**Exercise instructions**
Copy out every line of the data that has the word "Black" somewhere in it.

[Saved entries]
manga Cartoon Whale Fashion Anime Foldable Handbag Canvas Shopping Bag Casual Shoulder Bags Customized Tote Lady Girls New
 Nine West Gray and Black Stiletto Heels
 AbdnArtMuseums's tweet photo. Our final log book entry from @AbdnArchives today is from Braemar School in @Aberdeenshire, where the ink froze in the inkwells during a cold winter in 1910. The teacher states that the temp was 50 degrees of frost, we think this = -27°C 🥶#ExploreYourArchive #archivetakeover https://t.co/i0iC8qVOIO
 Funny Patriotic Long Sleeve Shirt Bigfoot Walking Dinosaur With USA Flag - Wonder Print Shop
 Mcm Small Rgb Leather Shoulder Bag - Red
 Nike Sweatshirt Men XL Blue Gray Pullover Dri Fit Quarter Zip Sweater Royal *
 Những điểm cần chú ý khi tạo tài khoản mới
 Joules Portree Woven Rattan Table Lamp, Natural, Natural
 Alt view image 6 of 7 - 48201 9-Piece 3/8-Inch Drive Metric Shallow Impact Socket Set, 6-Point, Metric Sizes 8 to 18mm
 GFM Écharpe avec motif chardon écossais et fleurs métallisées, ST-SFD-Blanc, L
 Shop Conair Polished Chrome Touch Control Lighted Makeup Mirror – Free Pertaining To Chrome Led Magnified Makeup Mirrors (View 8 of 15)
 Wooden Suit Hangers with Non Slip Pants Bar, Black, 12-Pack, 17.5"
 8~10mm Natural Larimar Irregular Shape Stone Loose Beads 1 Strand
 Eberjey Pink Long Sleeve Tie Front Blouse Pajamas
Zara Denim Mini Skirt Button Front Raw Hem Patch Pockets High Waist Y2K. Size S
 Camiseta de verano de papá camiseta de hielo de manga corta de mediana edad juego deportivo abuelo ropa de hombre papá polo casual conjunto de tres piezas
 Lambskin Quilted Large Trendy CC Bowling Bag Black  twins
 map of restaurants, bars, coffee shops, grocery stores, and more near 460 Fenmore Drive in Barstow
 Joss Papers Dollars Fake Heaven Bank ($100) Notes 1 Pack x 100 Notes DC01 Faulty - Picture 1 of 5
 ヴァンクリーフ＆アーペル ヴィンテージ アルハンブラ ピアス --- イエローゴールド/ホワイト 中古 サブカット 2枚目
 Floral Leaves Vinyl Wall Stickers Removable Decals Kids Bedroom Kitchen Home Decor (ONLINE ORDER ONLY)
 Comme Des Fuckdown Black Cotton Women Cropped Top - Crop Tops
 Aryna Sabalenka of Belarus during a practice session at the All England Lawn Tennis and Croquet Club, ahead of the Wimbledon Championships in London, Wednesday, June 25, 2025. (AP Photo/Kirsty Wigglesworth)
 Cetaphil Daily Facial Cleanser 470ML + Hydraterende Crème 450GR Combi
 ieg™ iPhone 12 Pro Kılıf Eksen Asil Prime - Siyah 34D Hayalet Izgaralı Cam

**Expected output**
 Nine West Gray and Black Stiletto Heels
 Wooden Suit Hangers with Non Slip Pants Bar, Black, 12-Pack, 17.5"
 Lambskin Quilted Large Trendy CC Bowling Bag Black  twins
 Comme Des Fuckdown Black Cotton Women Cropped Top - Crop Tops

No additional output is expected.